Shared Space und Begegnungszonen sind in den Niederlanden bzw. in der Schweiz entwickelte Ansätze zur Verkehrsberuhigung und zur gleichberechtigten und konfliktfreien Nutzung eines weitgehend beschilderungs- und regelungsfreien Straßenraumes durch alle Verkehrsteilnehmer.

Es soll geprüft werden, ob die Anwendung dieser neuen Verkehrsmanagementkonzepte auch zu einer Verbesserung der örtlichen Verkehrsverhältnisse in Bremen beitragen kann. Erste konkrete Erfahrungen sollen durch ein Pilotprojekt erworben werden.
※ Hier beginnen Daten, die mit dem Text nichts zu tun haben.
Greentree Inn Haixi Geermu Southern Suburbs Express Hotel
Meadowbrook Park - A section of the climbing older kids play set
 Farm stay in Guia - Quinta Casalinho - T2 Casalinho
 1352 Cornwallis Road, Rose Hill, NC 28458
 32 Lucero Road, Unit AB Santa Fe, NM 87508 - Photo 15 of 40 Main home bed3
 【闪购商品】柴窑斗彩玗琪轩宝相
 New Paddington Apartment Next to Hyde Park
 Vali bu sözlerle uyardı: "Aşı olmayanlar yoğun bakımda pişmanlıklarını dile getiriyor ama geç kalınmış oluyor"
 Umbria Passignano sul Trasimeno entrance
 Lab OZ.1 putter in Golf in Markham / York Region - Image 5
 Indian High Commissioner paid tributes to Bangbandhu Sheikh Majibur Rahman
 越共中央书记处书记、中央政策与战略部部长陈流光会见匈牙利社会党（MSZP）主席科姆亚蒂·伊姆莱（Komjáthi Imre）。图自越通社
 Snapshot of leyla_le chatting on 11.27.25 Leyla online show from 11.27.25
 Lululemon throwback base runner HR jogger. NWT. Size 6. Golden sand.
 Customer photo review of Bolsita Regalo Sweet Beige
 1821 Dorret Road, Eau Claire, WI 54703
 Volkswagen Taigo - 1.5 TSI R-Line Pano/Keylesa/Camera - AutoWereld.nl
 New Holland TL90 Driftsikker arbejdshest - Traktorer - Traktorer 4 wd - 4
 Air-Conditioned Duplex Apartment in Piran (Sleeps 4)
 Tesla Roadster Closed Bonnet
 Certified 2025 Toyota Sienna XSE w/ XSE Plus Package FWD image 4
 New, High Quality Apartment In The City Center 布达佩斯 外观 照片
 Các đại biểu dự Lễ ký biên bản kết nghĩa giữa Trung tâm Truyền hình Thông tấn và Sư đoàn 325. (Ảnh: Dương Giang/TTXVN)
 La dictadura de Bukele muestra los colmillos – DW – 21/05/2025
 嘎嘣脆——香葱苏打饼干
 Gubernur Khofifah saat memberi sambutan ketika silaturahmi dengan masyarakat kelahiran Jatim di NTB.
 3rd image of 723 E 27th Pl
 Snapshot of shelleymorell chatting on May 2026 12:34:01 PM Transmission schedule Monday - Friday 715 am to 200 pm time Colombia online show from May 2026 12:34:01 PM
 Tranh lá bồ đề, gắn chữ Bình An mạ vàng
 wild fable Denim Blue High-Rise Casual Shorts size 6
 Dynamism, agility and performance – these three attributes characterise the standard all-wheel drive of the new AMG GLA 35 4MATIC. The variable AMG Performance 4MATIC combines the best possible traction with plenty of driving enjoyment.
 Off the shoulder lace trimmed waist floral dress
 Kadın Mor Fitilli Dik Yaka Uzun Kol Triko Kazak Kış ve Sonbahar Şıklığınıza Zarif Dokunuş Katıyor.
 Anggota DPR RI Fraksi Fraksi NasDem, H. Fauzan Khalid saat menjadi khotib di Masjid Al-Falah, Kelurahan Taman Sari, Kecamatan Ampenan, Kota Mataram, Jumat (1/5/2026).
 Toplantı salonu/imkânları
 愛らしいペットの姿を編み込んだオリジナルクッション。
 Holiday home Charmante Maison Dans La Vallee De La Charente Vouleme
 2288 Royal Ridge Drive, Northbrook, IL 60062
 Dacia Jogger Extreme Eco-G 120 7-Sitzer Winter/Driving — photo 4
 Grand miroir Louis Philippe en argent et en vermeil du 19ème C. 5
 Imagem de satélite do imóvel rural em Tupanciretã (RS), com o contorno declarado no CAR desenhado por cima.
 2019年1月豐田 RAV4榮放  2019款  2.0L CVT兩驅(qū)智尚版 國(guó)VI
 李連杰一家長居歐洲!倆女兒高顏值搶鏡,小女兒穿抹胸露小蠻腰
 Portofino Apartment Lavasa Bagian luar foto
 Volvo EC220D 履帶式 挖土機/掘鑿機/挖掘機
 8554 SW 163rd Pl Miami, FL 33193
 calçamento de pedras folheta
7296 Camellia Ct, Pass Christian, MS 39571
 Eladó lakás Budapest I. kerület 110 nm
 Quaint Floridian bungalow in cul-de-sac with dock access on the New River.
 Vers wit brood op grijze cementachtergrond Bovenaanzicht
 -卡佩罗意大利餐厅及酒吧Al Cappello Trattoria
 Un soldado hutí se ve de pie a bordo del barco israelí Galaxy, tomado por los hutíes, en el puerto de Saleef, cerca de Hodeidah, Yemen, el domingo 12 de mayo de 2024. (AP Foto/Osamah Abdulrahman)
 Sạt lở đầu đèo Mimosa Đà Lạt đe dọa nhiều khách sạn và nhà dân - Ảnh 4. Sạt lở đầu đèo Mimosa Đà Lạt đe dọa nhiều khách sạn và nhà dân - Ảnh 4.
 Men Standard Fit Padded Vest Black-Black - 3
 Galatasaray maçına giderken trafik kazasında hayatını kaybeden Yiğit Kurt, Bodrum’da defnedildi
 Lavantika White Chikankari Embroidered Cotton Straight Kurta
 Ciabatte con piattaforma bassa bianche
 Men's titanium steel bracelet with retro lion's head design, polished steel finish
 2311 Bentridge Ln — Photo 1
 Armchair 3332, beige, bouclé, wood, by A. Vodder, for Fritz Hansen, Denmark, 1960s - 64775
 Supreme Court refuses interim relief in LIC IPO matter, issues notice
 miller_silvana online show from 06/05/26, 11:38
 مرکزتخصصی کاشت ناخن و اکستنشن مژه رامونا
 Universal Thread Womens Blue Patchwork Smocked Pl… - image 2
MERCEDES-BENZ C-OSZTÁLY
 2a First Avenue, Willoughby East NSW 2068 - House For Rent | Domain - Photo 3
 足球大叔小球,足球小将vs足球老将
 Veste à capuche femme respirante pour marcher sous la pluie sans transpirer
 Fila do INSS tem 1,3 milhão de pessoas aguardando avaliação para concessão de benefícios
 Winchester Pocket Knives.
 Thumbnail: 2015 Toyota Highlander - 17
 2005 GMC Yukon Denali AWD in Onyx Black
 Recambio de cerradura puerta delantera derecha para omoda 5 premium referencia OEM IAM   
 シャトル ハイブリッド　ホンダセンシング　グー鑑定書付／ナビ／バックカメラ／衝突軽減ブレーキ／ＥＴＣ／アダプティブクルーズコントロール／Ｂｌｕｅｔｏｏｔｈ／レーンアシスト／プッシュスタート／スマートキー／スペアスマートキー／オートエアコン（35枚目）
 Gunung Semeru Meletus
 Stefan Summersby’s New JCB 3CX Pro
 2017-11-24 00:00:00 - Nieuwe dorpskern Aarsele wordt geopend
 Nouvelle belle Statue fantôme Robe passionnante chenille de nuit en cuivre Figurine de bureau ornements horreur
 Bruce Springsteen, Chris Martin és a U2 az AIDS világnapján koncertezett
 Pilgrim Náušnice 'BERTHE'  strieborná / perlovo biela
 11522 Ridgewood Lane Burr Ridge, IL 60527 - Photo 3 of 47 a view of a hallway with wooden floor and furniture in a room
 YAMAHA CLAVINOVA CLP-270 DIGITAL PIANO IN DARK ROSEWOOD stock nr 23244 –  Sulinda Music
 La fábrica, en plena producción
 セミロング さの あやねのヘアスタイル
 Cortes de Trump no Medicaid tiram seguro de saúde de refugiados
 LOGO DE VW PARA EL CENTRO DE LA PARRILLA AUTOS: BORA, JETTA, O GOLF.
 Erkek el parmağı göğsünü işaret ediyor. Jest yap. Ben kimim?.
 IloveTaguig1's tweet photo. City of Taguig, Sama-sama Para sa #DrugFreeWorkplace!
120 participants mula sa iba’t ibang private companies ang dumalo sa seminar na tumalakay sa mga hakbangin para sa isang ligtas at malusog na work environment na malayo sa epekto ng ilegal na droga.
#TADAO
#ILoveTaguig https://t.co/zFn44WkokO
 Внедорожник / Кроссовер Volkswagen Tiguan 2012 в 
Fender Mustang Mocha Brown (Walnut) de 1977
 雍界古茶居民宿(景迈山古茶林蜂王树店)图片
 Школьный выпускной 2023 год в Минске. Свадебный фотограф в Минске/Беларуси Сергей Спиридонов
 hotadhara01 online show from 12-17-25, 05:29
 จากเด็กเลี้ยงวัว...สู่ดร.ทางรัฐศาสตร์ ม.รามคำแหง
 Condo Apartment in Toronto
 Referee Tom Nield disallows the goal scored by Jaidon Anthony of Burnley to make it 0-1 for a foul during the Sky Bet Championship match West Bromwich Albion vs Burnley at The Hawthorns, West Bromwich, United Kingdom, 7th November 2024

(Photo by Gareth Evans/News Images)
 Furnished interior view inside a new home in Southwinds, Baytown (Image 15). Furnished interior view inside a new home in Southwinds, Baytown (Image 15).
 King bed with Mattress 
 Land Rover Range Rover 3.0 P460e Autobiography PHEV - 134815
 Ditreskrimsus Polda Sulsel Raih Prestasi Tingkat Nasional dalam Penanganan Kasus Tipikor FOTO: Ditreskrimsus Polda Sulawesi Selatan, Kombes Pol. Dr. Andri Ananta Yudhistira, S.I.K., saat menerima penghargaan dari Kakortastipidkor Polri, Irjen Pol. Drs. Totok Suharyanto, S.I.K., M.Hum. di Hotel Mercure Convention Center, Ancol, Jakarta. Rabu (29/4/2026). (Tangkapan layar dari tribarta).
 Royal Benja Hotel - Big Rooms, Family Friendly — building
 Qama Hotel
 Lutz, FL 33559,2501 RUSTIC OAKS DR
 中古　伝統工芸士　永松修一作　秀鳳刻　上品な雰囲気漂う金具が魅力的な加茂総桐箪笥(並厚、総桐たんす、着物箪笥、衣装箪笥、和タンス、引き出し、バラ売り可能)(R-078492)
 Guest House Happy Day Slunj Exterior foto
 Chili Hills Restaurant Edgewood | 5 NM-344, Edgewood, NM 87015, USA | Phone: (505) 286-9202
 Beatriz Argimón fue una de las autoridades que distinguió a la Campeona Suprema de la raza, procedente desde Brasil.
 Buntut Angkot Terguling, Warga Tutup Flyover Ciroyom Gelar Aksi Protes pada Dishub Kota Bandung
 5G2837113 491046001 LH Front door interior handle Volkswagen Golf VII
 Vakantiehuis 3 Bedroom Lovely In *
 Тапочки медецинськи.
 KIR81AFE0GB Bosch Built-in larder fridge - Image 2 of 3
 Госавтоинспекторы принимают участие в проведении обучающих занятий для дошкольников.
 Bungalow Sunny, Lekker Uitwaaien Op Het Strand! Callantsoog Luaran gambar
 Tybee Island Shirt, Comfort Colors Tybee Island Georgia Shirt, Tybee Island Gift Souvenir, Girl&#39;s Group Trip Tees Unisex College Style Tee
Zunächst wurden Grundanforderungen an Shared Space/ Begegnungszonen für Bremen bestimmt. Im Weiteren wurde ein Kriterienkatalog zur Identifizierung geeigneter Bereiche für Shared Space/ Begegnungszonen festgelegt. Diese wurden vom Ingenieurbüro SHP Hannover zusammen mit einem begleitenden Arbeitskreis entwickelt.

Unter Beachtung dieser Anforderungen und Kriterien wurde als Modellprojekt die St. Gotthard-Straße im Ortsteil Osterholz ausgewählt. Der Beirat Osterholz erklärte sich mit dieser Auswahl einverstanden.

Die Deputation für Bau und Verkehr stimmte dem Beschluss des Beirates am 14.04.2011 zu und beschloss, das Modellprojekt in einem offenen Planungsprozess mit dem Beirat und einer intensiven und breiten Bürgerbeteiligung sowie unter Einbeziehung in die städtebauliche Diskussion über die Neugestaltung der ehemaligen Wendeschleife in Osterholz fortzuführen.

Daraufhin fanden von Ende 2011 bis Anfang 2012 öffentliche Veranstaltungen statt, in welchen ein Anforderungskatalog für das Projekt in der St. Gotthard-Straße erarbeitet wurde. Dieser Katalog war die Grundlage für einen städtebaulichen Wettbewerb, welchen die Landschaftsarchitekten Henke + Blatt gewannen. Zusammen mit BPR Verkehrsplanung hat man sich danach in den Gestaltungsprozess begeben.
Seit Anfang 2013 fanden sogenannte Planungswerkstätten statt. Auch das Büro des Landesbehindertenbeauftragten der Freien Hansestadt Bremen war hierin vertreten. In den Planungsrunden wurde der Wettbewerbsentwurf von den Landschaftsarchitekten Henke + Blatt konkretisiert und zum Teil kontrovers diskutiert. Ende 2013 wurde in einer Abschlussveranstaltung das Ergebnis der Bürgerbeteiligung präsentiert.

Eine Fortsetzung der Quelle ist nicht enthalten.